À tarde, Lula se encontrará com lideranças sindicais e depois voltará ao Grande Palácio do Povo, onde se reunirá com o primeiro-ministro da China, Li Qiang. Em seguida, será recebido em cerimônia oficial pelo presidente Xi Jinping. A programação terá um encontro aberto, uma cerimônia para assinatura de acordos bilaterais e depois um encontro bilateral fechado. Depois disso, haverá uma cerimônia de troca de presentes, registro de fotos e, por fim, um jantar oficial.

Um acordo esperado durante a visita de Lula é a certificação digital, que deve tornar o trâmite de produtos mais rápido e confiável, diminuindo a burocracia para os exportadores brasileiros. Há, ainda, um acordo que prevê a operação direta entre o real e o yuan, a moeda chinesa, sem necessidade de dolarização, que aambém deve facilitar o comércio entre os dois países.

Outras áreas de destaque na pauta do evento incluem o turismo entre os dois países, e investimentos. Existe, ainda, a expectativa de programas brasileiros de combate à fome, de proteção ao meio ambiente e de desenvolvimento sustentável passarem a ser vistos como referência pelo governo chinês.

Entre os cerca de 20 acordos bilaterais esperados durante a visita, também se destaca a construção do CBERS-6, o sexto de uma linha de satélites construídos em parceria entre Brasil e China. O diferencial do novo modelo é uma tecnologia que permite o monitoramento de biomas como a Floresta Amazônica mesmo com nuvens.

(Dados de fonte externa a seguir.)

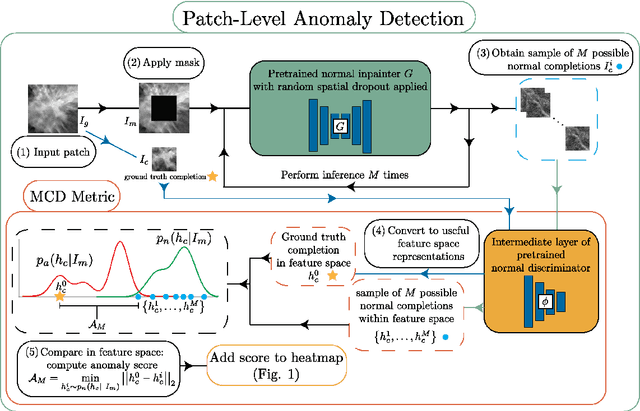 Figure 3 for Unsupervised anomaly localization in high-resolution breast scans using deep pluralistic image completion
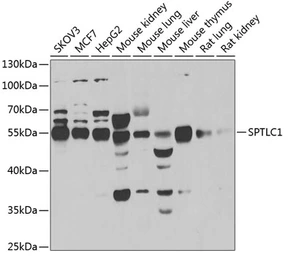 Anti-SPTLC1 antibody used in Western Blot (WB). GTX32895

Lula viajará acompanhado por uma delegação oficial que inclui os ministros Fernando Haddad (Fazenda), Marina Silva (Meio Ambiente e Mudança do Clima), Carlos Fávaro (Agricultura e Pecuária), Luciana Santos (Ciência, Tecnologia e Inovação), Mauro Vieira (Relações Exteriores), Alexandre Silveira (Minas e Energia), Paulo Teixeira (Desenvolvimento Agrário) e Wellington Dias (Desenvolvimento e Assistência Social).

A delegação brasileira também irá incluir os governadores Jerônimo Rodrigues, da Bahia, Elmano de Freitas, do Ceará, Carlos Brandão, do Maranhão, Helder Barbalho, do Pará, e Fátima Bezerra, do Rio Grande do Norte.

Esta será a terceira visita oficial do presidente brasileiro à China. O ano de 2023 é o cinquentenário do início das relações comerciais entre Brasil e China. A primeira venda entre os dois países aconteceu em 1973, um ano antes do estabelecimento das relações diplomáticas sino-brasileiras.

Em 2022, o produto brasileiro mais vendido para o mercado chinês foi a soja, com 36% do total exportado, seguido pelo minério de ferro com 20% e o petróleo com 18%. O perfil da exportação mudou um pouco em janeiro e fevereiro de 2023, com o petróleo na liderança com 23%, seguido pela soja (22%) e o minério de ferro (21%).

O comércio com a China foi alavancado nos dois primeiros mandatos do presidente Lula. Em 2003, seu primeiro ano na presidência, as exportações para o mercado chinês somavam apenas US$ 4,5 bilhões e as importações, US$ 2,1 bilhões, um volume comercial de US$ 6,6 bilhões. No último ano do segundo mandato, em 2010, as exportações cresceram 582%, para US$ 30,7 bilhões, as importações foram para US$ 25,6 (aumento de 1.100%), para um volume comercial de US$ 56,3 bilhões (crescimento de 753%).

No retorno ao Brasil, o avião presidencial pousará em Abu Dhabi, capital dos Emirados Árabes Unidos. Lula fará uma visita oficial àquele país no próximo sábado.